ASSIGNMENT: What are the lines from the top of the entries below through the line containing "Champion Legacy American"? Return them exactly, both ends included, without the pictures.

Short web captions:
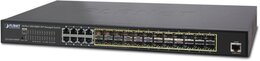 PLANET L2+/L4 24-Port 100/1000X SFP with 8 Shared TP Managed
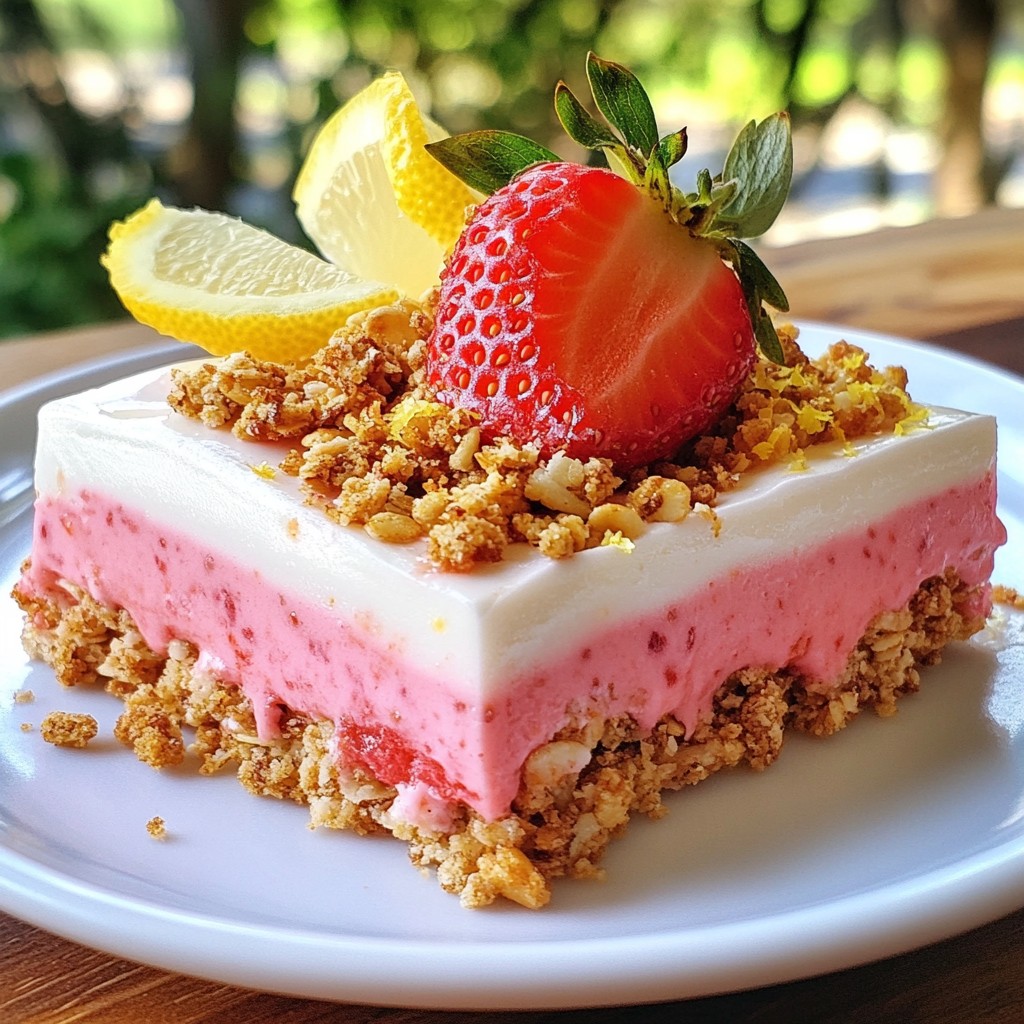 Strawberry Lemon Yogurt Bars Delightful and Easy Treat
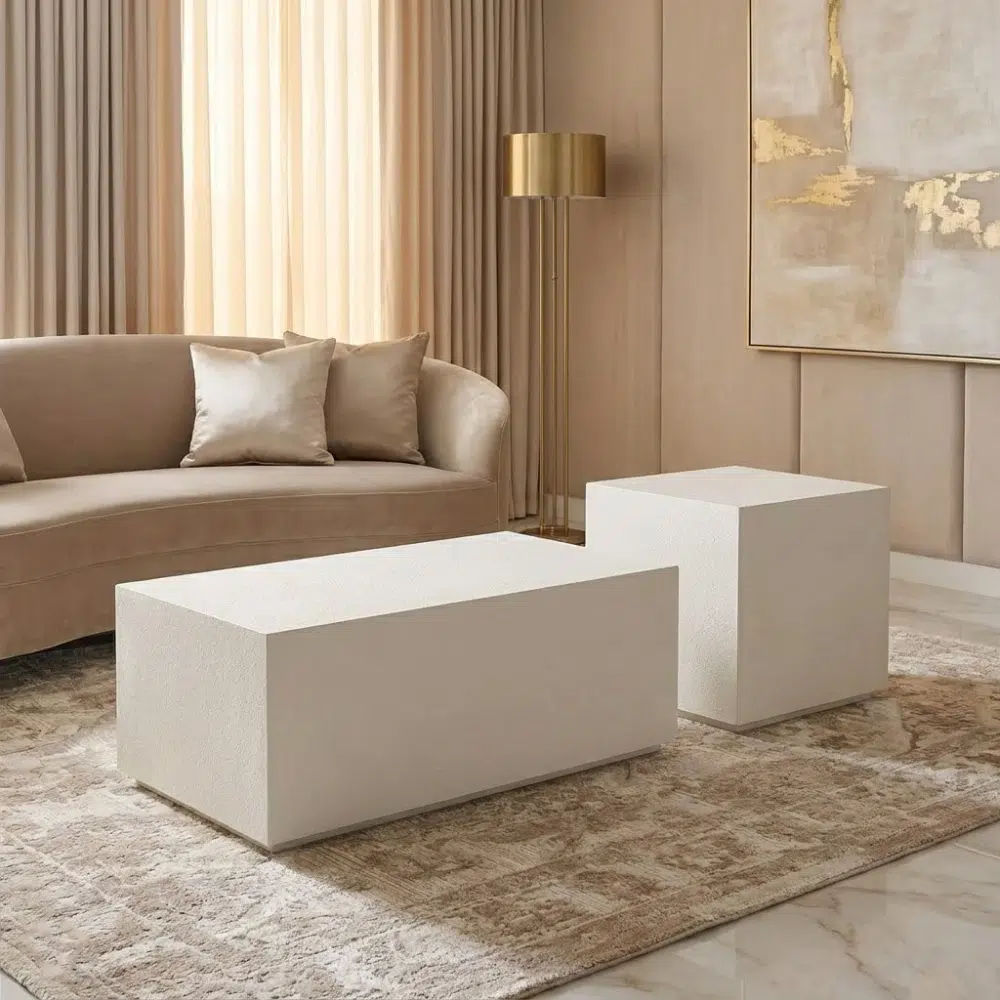 ModLine 2-Piece Rectangular Coffee Table Set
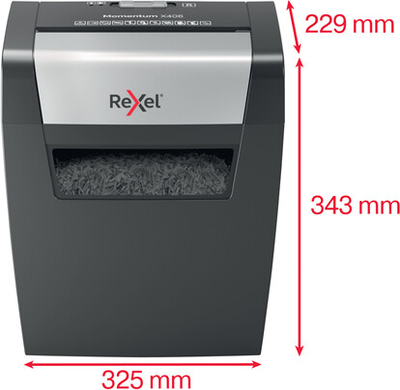 Grirëse për letra Rexel Momentum X406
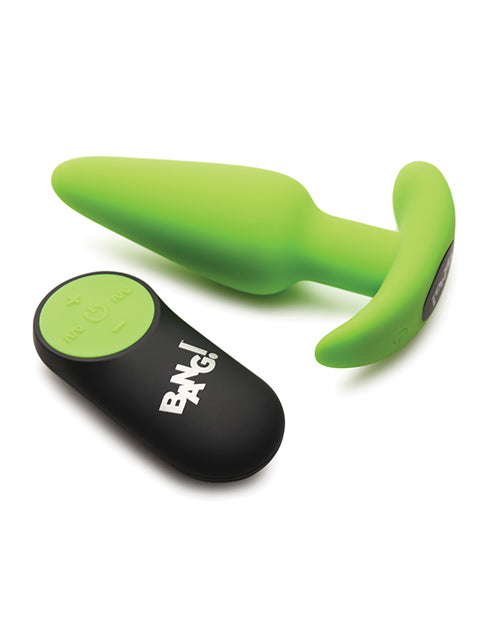 Bang! Glow in the Dark 21X Remote Controlled Butt Plug - LUST Depot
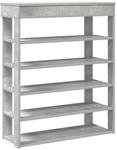vidaXL Schuhregal Betongrau 80x30x98 cm Holzwerkstoff 859935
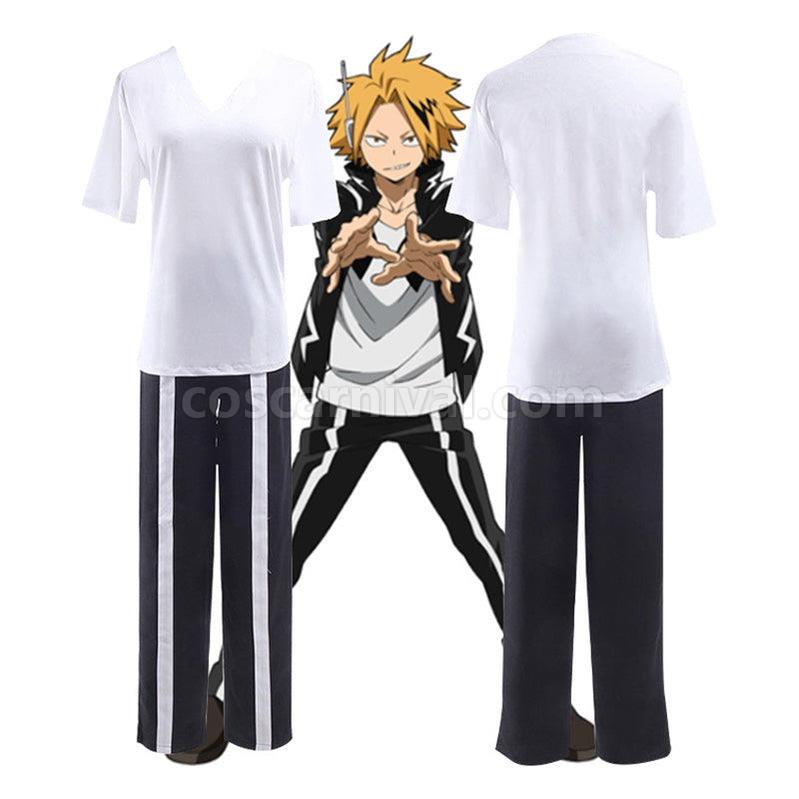 My Hero Academia Denki Kaminari Cosplay Costume coscarnival011115462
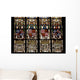 Religious Stained Glass Window 2 Wall Decal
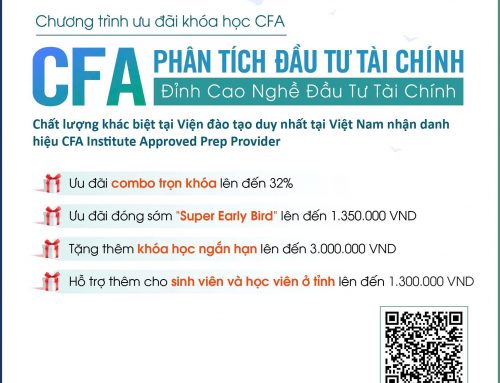 Ưu đãi Hello Summer khóa CFA: Giảm đến 32% học phí và ưu đãi thêm đến 1.350.000 VNĐ khi đăng ký trước 25/5/2026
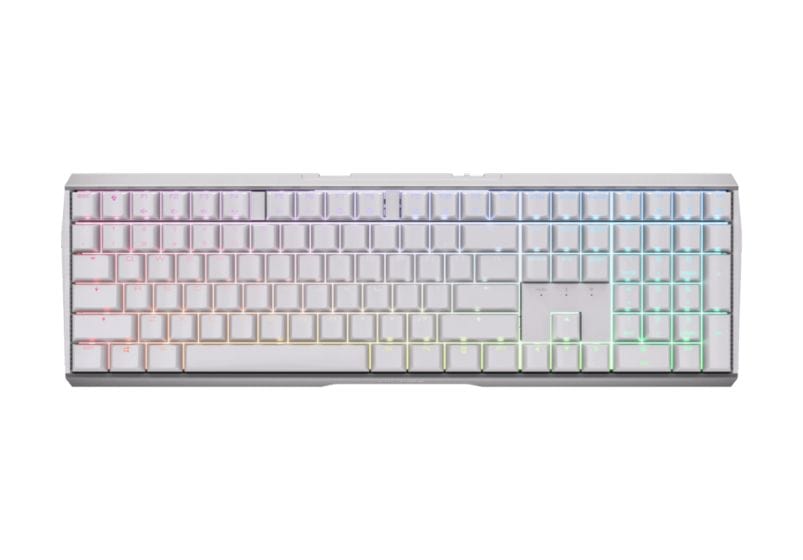 MX3.0S Wireless RGB-LED Gaming Tastatur RF Wireless + Bluetooth 2.4 GHz  (Weiß) 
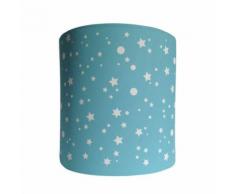 Abat-Jour Etoiles Galaxie Sky Lilipouce Bleu turquoise 25 cm - Suspensions et plafonniers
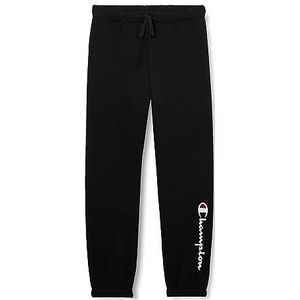 Champion Legacy American Classics G - Ultralight Powerblend Fleece Elastic Cuff Trainingsbroek voor meisjes, Zwart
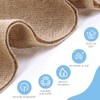 Butarfe 40" x33 Feet Gardening Burlap Roll, Natural Burlap Fabric,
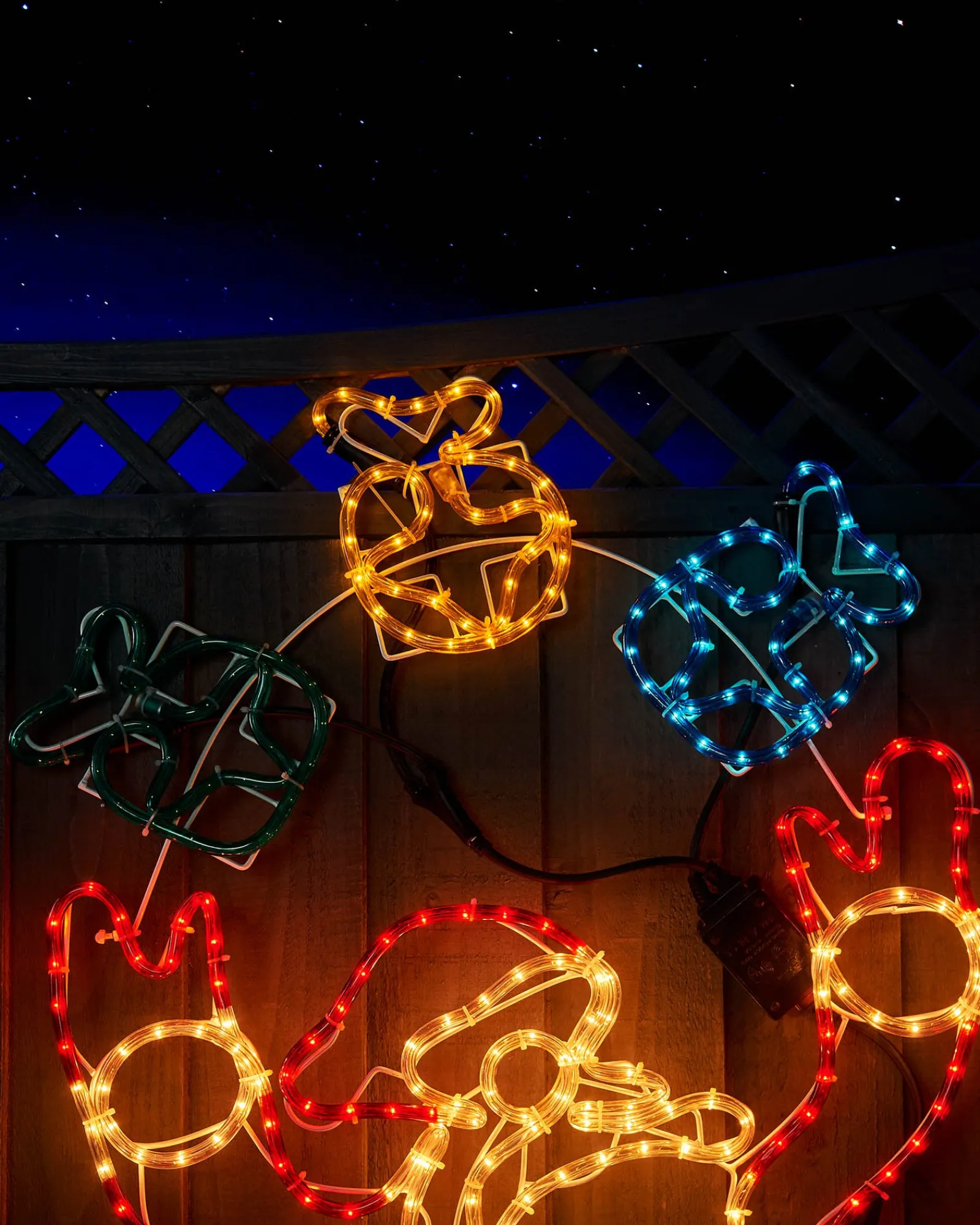WeRChristmas Animated Santa And Presents Rope Light Silhouette, 114 Cm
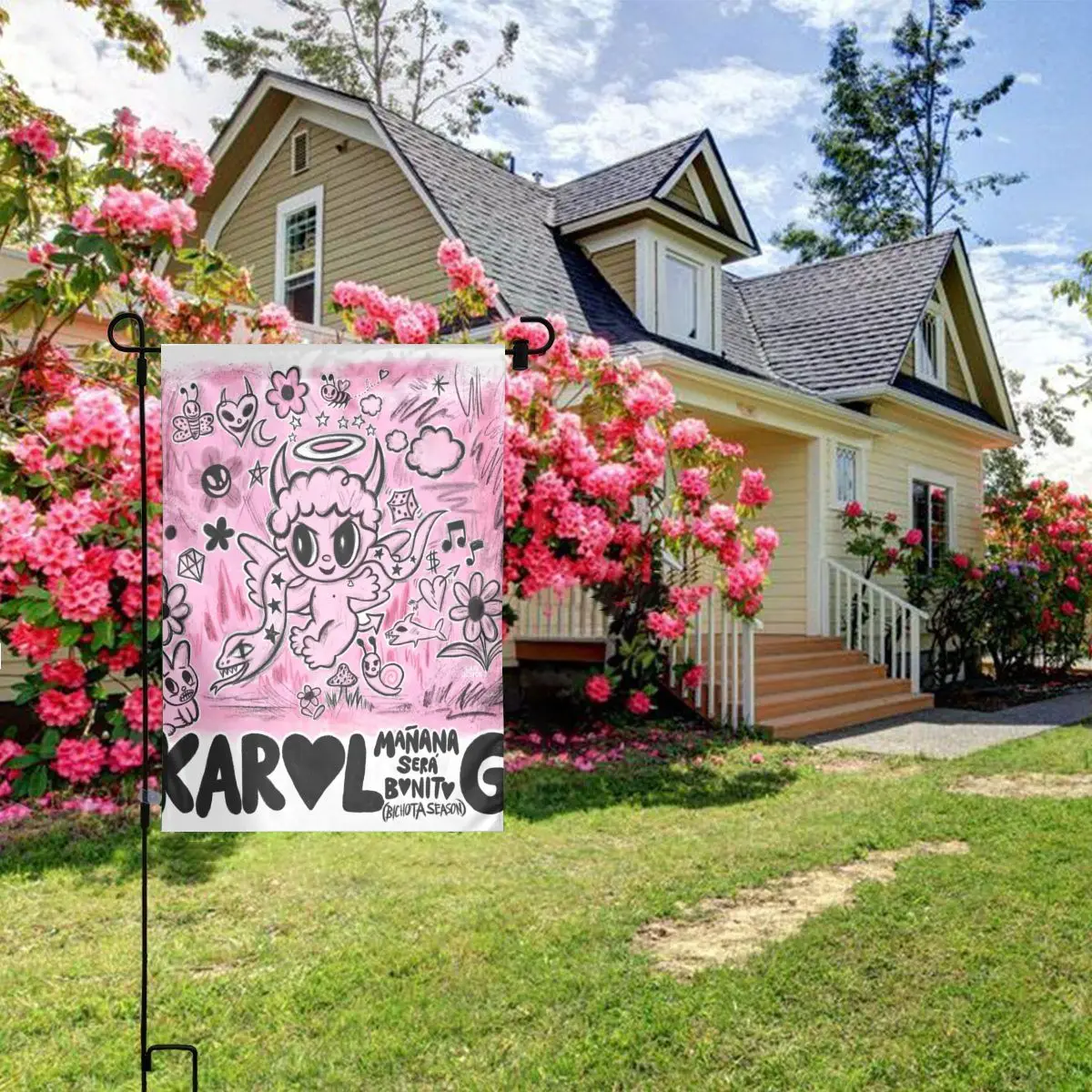 Под заказ всесезонный Садовый флаг Karol G Bichota 12x18 дюймов двусторонний наружный Reggae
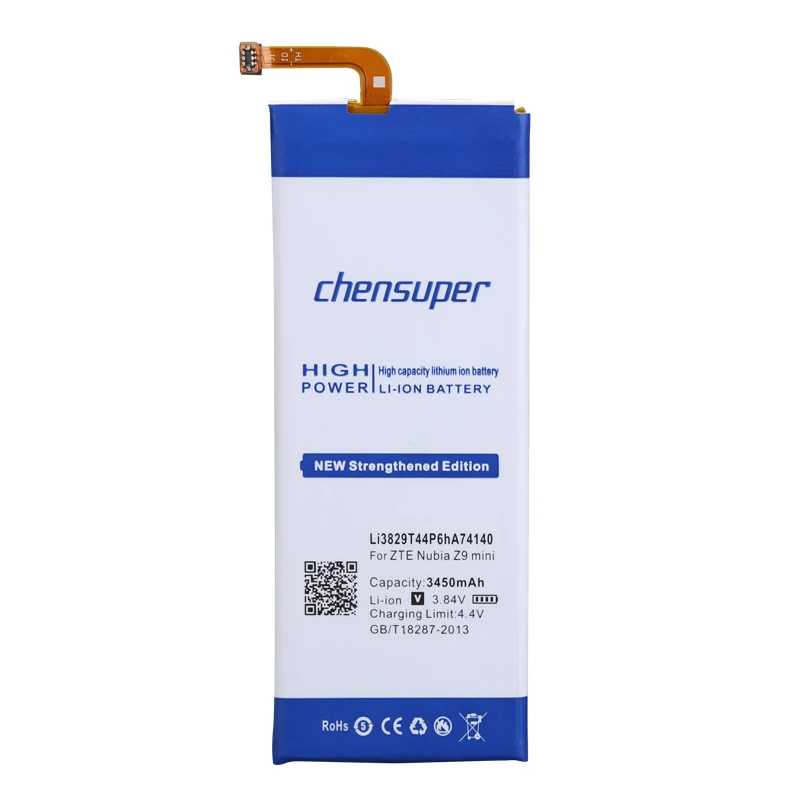 Аккумулятор chensuper 3450 мАч Li3829T44P6hA74140 для ZTE Nubia Z9 mini NX511J | Мобильные телефоны и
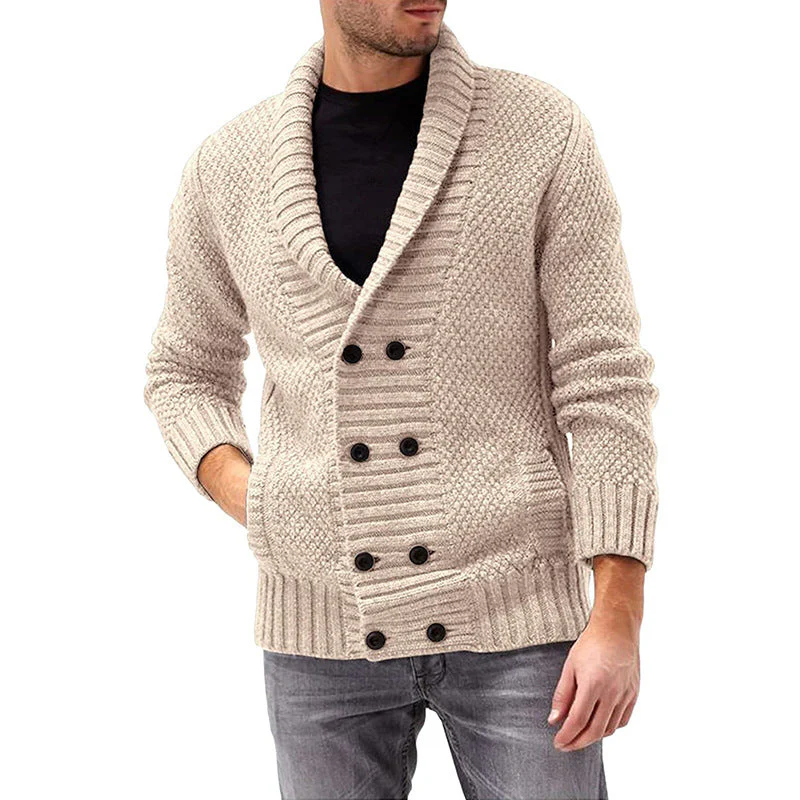 Men’s Ashton Double-Breasted Knit Cardigan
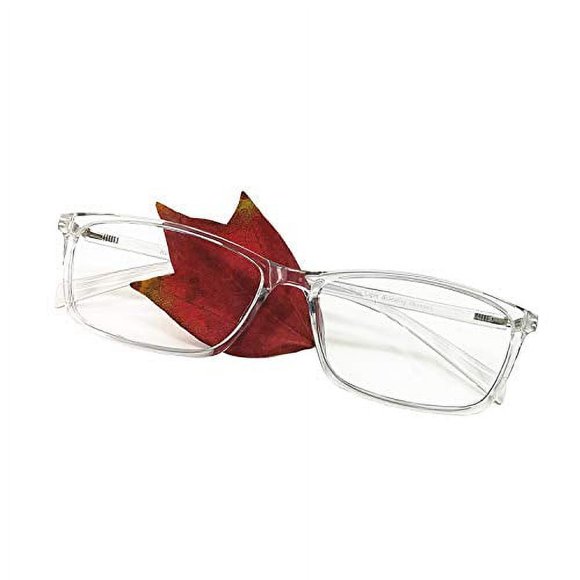 Lunettes d'Ordinateur Anti-Lumière Bleue Lecteur Écran de Jeu Lunettes Numériques Anti-Éblouissement Lentille Transparente UV Légère pour Femmes Hommes Équipement de Jeu Essentiel Grossissement 0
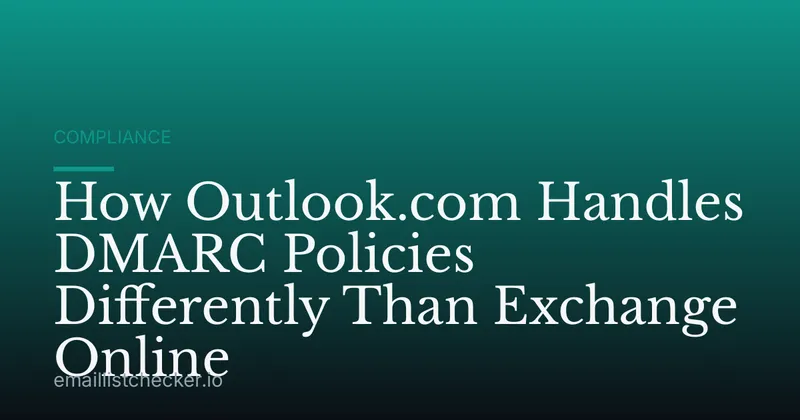 How Outlook.com Handles DMARC Policies Differently Than Exchange Online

ANSWER SECTION:
 PLANET L2+/L4 24-Port 100/1000X SFP with 8 Shared TP Managed
 Strawberry Lemon Yogurt Bars Delightful and Easy Treat
 ModLine 2-Piece Rectangular Coffee Table Set
 Grirëse për letra Rexel Momentum X406
 Bang! Glow in the Dark 21X Remote Controlled Butt Plug - LUST Depot
vidaXL Schuhregal Betongrau 80x30x98 cm Holzwerkstoff 859935
 My Hero Academia Denki Kaminari Cosplay Costume coscarnival011115462
 Religious Stained Glass Window 2 Wall Decal
 Ưu đãi Hello Summer khóa CFA: Giảm đến 32% học phí và ưu đãi thêm đến 1.350.000 VNĐ khi đăng ký trước 25/5/2026
 MX3.0S Wireless RGB-LED Gaming Tastatur RF Wireless + Bluetooth 2.4 GHz  (Weiß) 
 Abat-Jour Etoiles Galaxie Sky Lilipouce Bleu turquoise 25 cm - Suspensions et plafonniers
 Champion Legacy American Classics G - Ultralight Powerblend Fleece Elastic Cuff Trainingsbroek voor meisjes, Zwart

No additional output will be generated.